Background
Hepatocellular carcinoma (HCC) is the main pathological subtype of primary liver cancer (PLC). Early onset HCC is insidious and characterized by easy metastasis, recurrence, and a high mortality rate. Most patients are in the middle or late stage, with a poor prognosis.
Objective
This study aimed to develop and validate a prediction model for HCC disease progression by machine learning (ML) algorithms, based on clinical blood biomarkers, circulating tumor cells (CTCs), and circulating endothelial cells (CECs) from pretreatment patients. Furthermore, the risk factors for 5-year survival in HCC patients were identified, and used to guide clinical diagnosis and treatment decisions.
Methods
A total of 76 newly diagnosed patients with HCC were eventually enrolled between September 2018 and July 2019. The follow-up time was 1–67 months in this group. Patients who survived for 5 years after the first surgery, were divided into a surviving group (n = 34) and a nonsurviving group (n = 42). The pathological data and related survival factors of patients were collected before treatment. The final subset of features was filtered by the support vector machine recursive feature elimination feature (SVM-RFE) algorithm, chi-square test and Student’s test. Prediction models for 5-year survival in patients with HCC were established by logistic regression, support vector machine (SVM), decision tree classification (DTC), random forests (RF), and extreme gradient Boosting (XGBoost), respectively. Additionally, the optimal model was established through validation. The models were evaluated by specificity, F1 score, recall value, accuracy and area under the receiver operating characteristic curve (AUC-ROC).
Results
Among the included patients, the follow-up time ranged from 1–67 months. The significant variable set, which included 22 variables, was screened.
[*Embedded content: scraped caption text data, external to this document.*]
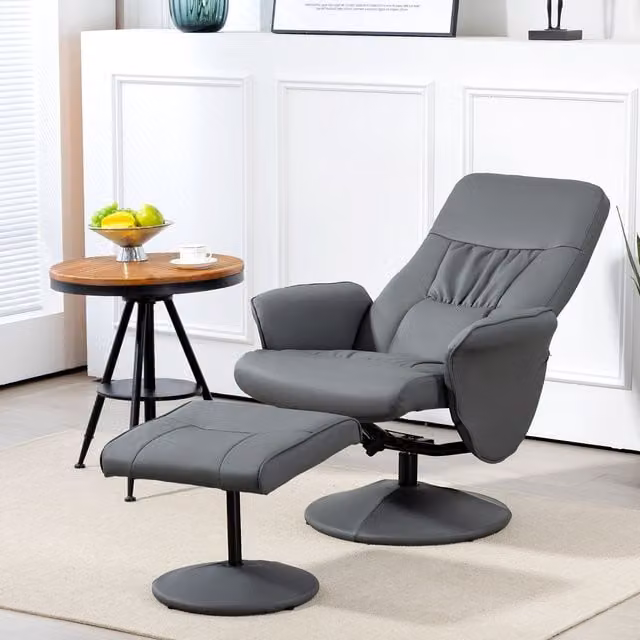 HOMCOM Grey PU Leather Swivel Recliner Armchair with Ottoman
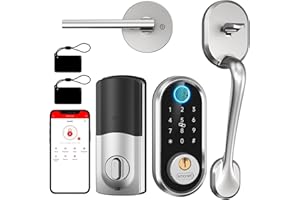 Keyless Entry Door Lock Handle: SMONET Smart Front Door Lock Set Alexa Deadbolt Locks with Handle Bluetooth Electronic Digital Keypad with APP Voice Control Keyfob Auto for Home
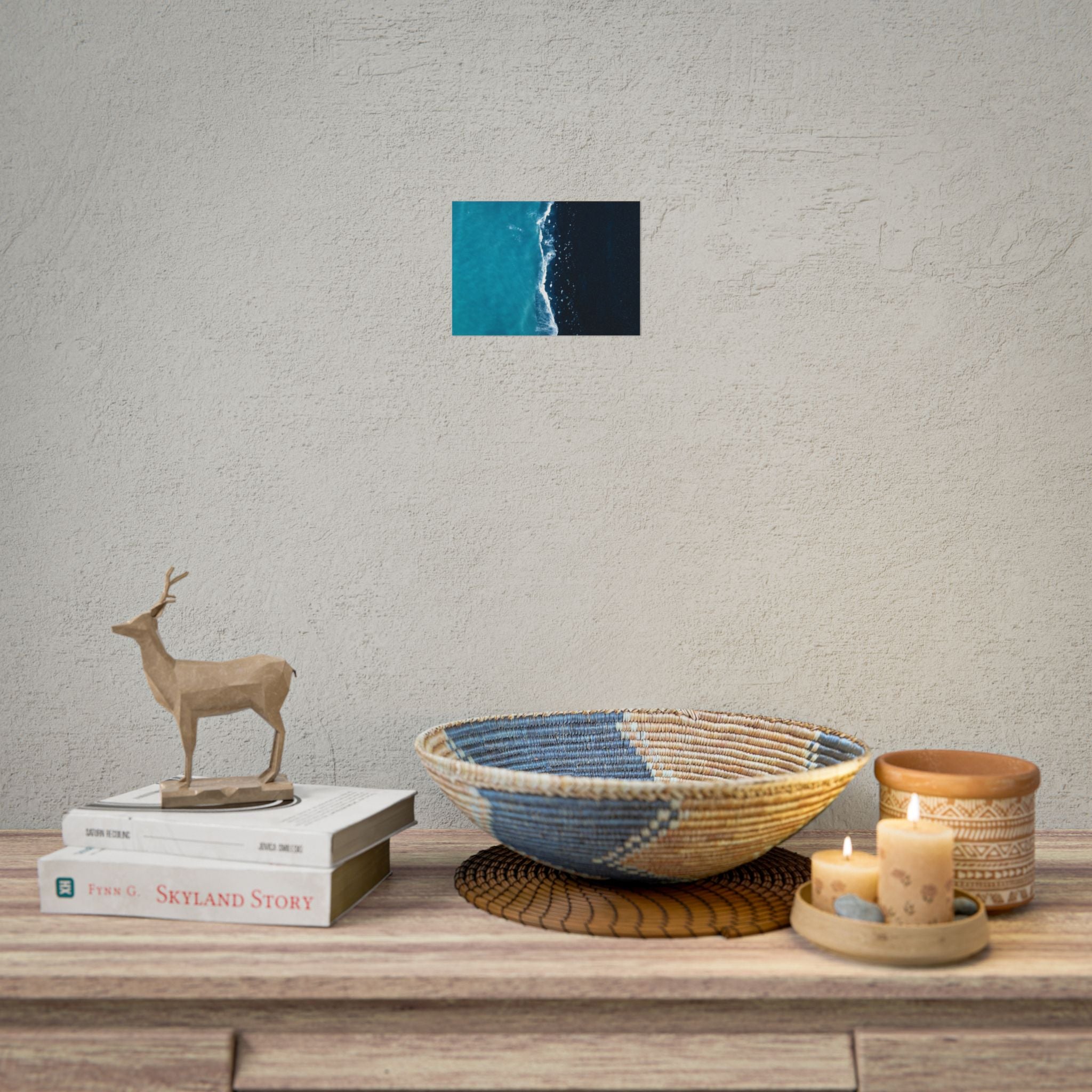 ocean-minimalist-decor-poster-print-beach-wall-art-coastal-photography-blue-ocean-print-sand-landscape-home-office-decoration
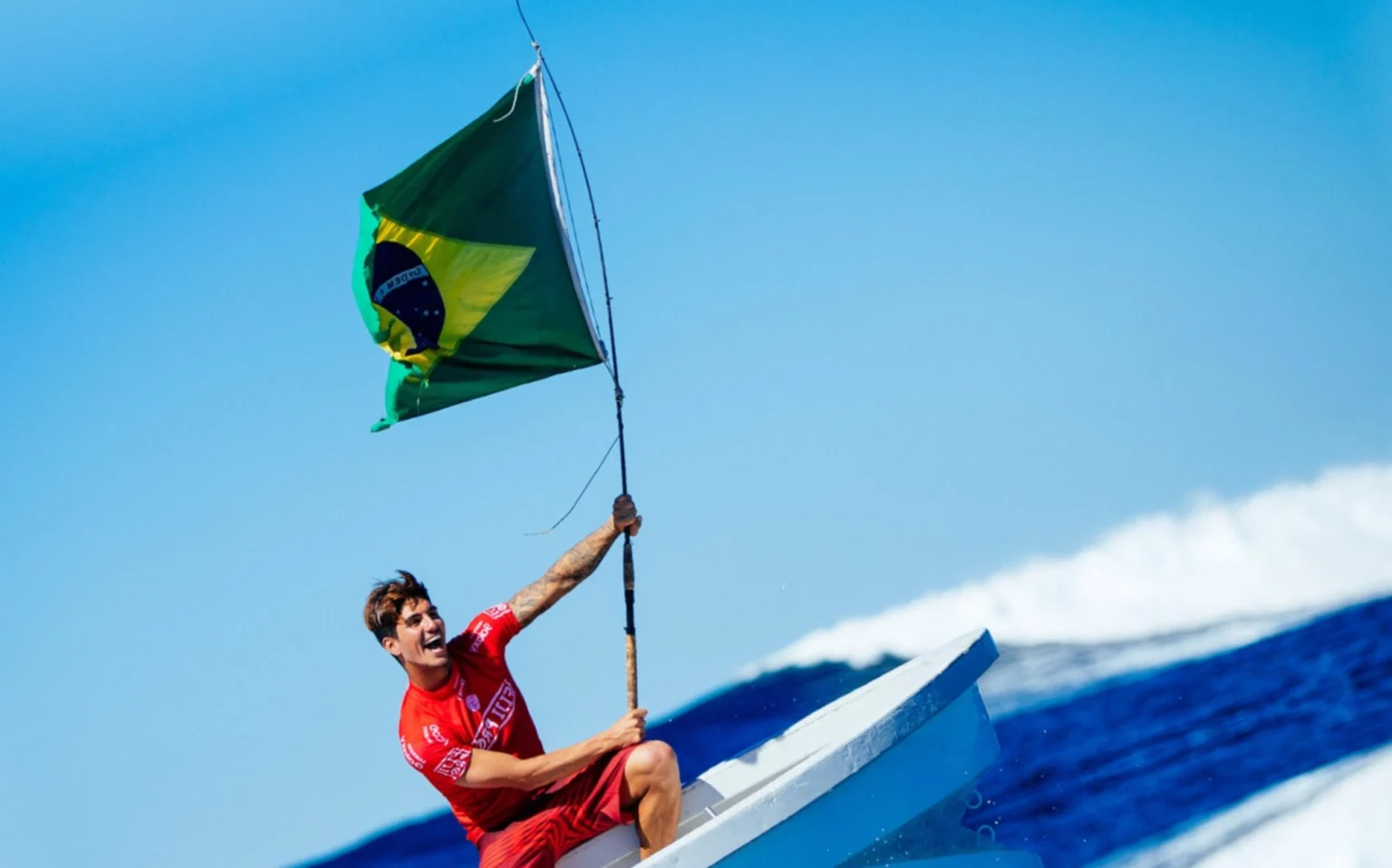 Brazilian Storm: confira resultados dos brasileiros na primeira rodada da etapa de Fiji Gabriel Medina em Fiji (Foto: Divulgação / WSL)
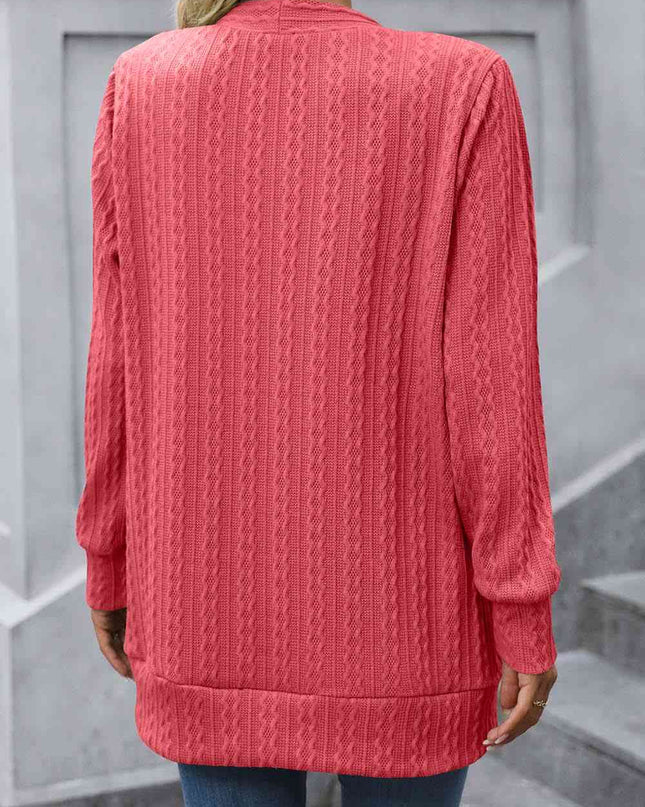 Cable-Knit Long Sleeve Cardigan with Pocket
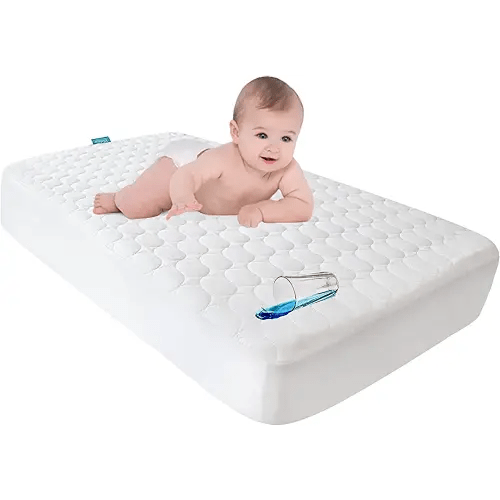 Biloban Waterproof Crib Mattress Protector, Crib Mattress Protector Waterproof (52"x 28"), Quilted Crib Mattress Pad Cover, Soft and Breathable with 9 Inches Deep Skirt, White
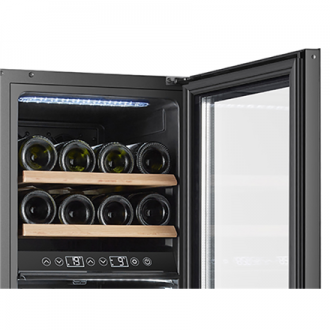 Adler Wine Cooler AD 8080 Energy efficiency class G, Free standing, Bottles capacity 24, Cooling type Compressor, Black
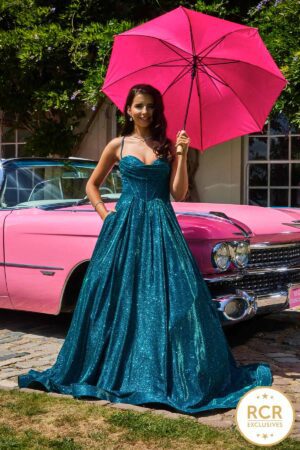 teal sparkly ballgown prom dress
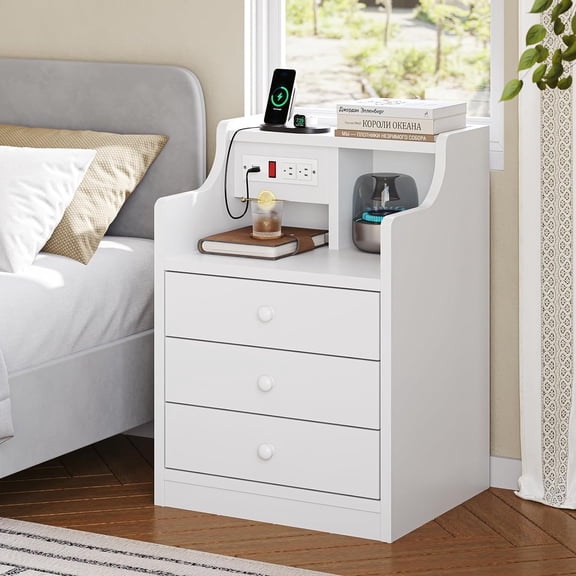 Nightstand with Charging Station, White Bedside Table with Hutch and 3 Drawers for Bedroom Storage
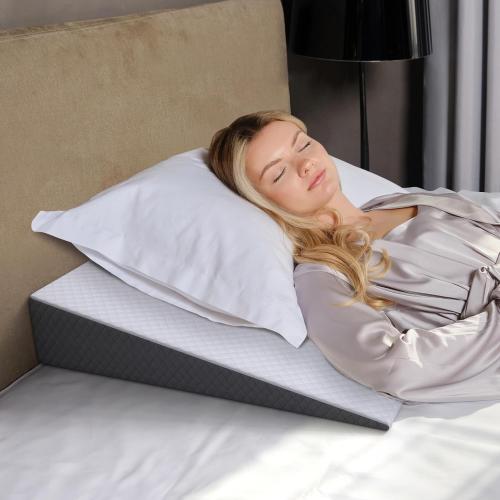 Kolbs Bed Wedge Pillow for Sleep Apnea, Acid Reflux and Back Pain Relief, Anti Snore Pillow, Premium Foam Wedge Cushion with Chic Jacquard Cover - Headboard Wedges for Sleeping (5 Gentle Incline)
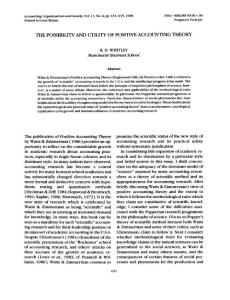 The possibility and utility of positive accounting theory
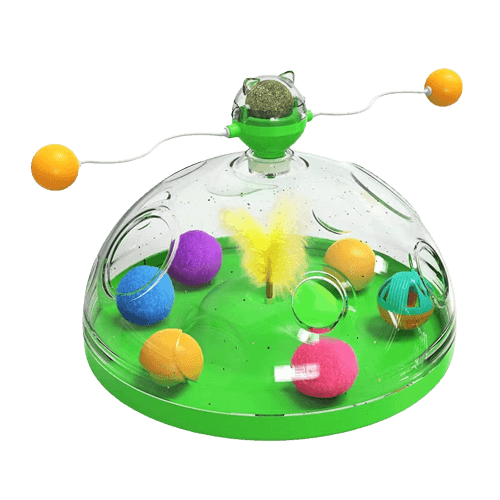Transparente Katzenspielzeug-Kuppel mit bunten Bällen und Federn, interaktiv, grün.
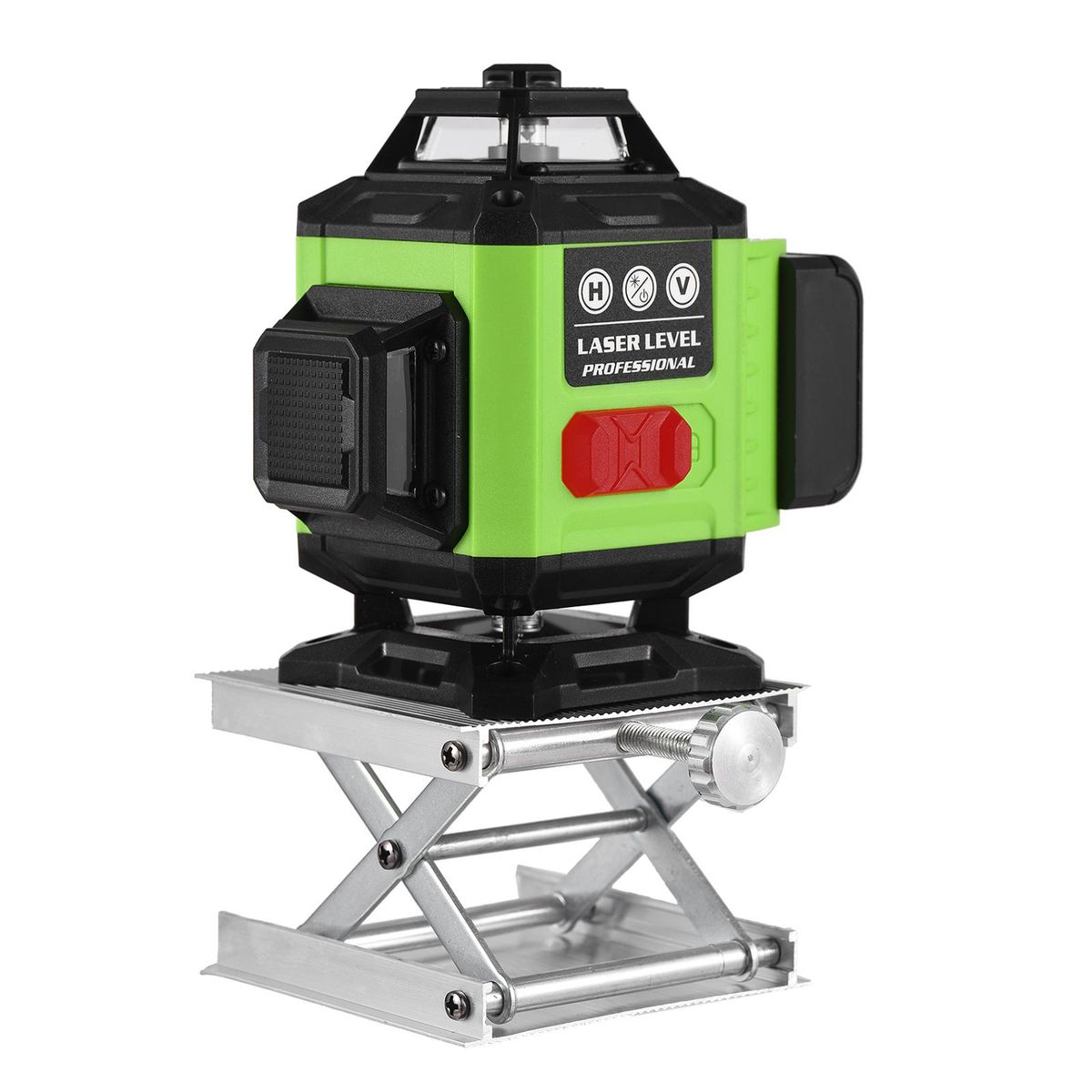 Laser Level Meter Multifunctional 4*360° 16 Lines Laser Level 3° Self-leveling Leveling Tool Green Beam Vertical Horizontal Line IP54 Waterproof Outdoor Portable with Carrying Bag Remote Control Detachable Lithium Battery f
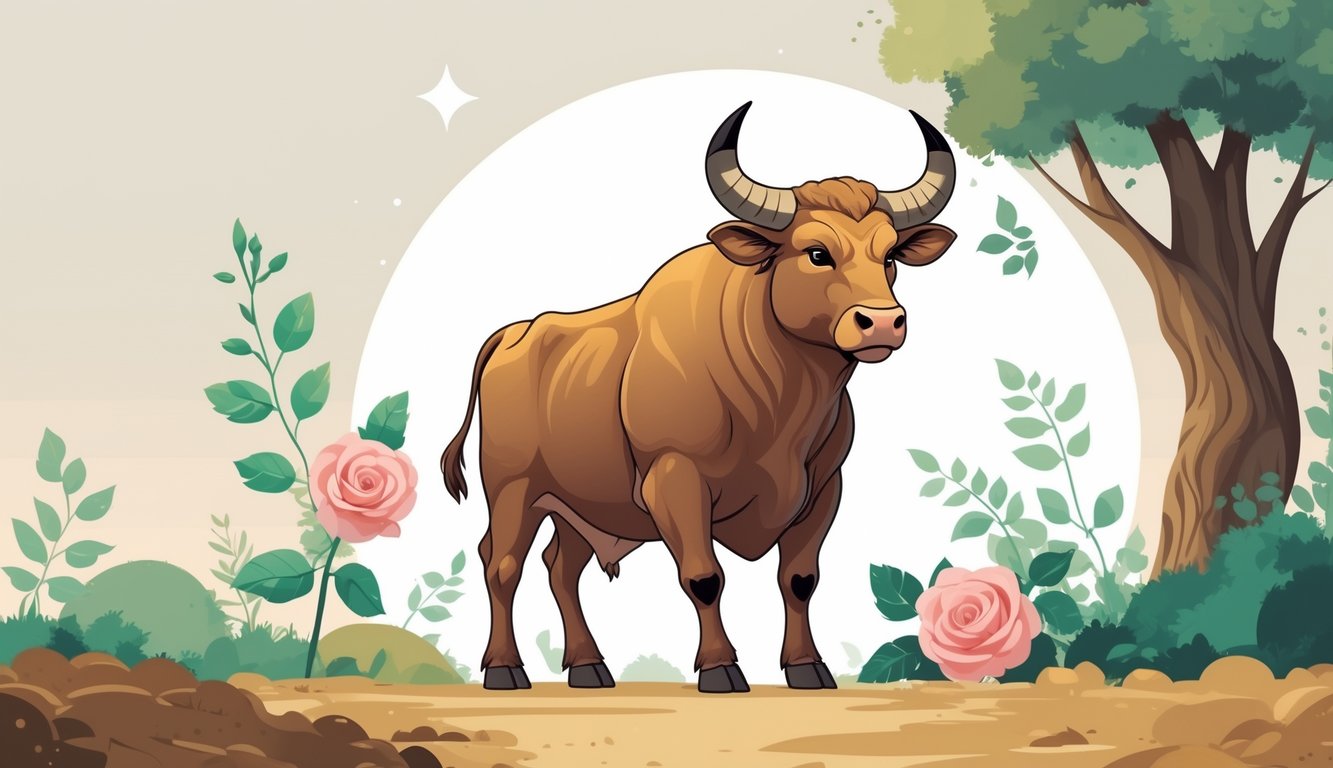 A strong bull standing calmly surrounded by a rose, oak tree, and natural earth elements symbolizing Taurus traits.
Ranking the importance of variables, the top 22 characteristic variables were as follows: maximum diameter, presence or absence of distant metastasis, CNLC stage, ALB, age, RBC, the large CTC, total bilirubin, PD-L1 (-) CTC, ≥ Pentaploid CTC, AFP, vascular cancer thrombus and satellite nodules, WBC, CTC, BCLC stage, multiple nodules, AST, PD-L (-) CTC-WBC cluster, Triploid CTC, LYM, PD-L1 (-) CEC-WBC cluster and degree of cirrhosis. The AUC-ROC values for predicting the 5-year survival rate of HCC patients by the logistic regression, SVM, DTC, RF, and XGBoost models were 0.7367, 0.9706, 0.6569, 0.7412, and 0.7031, respectively. Among them, the SVM model had the best 5-year survival performance in predicting HCC (Accuracy = 0.9868, F1 score = 0.9882, Recall value = 1.0000).
Conclusion
The SVM model based on ML methods could predict the 5-year survival of HCC patients and has good recognition ability, with greater accuracy than traditional models. Diagnosis and treatment can be utilized to intervene in the risk factors in this model, and improve patient prognosis.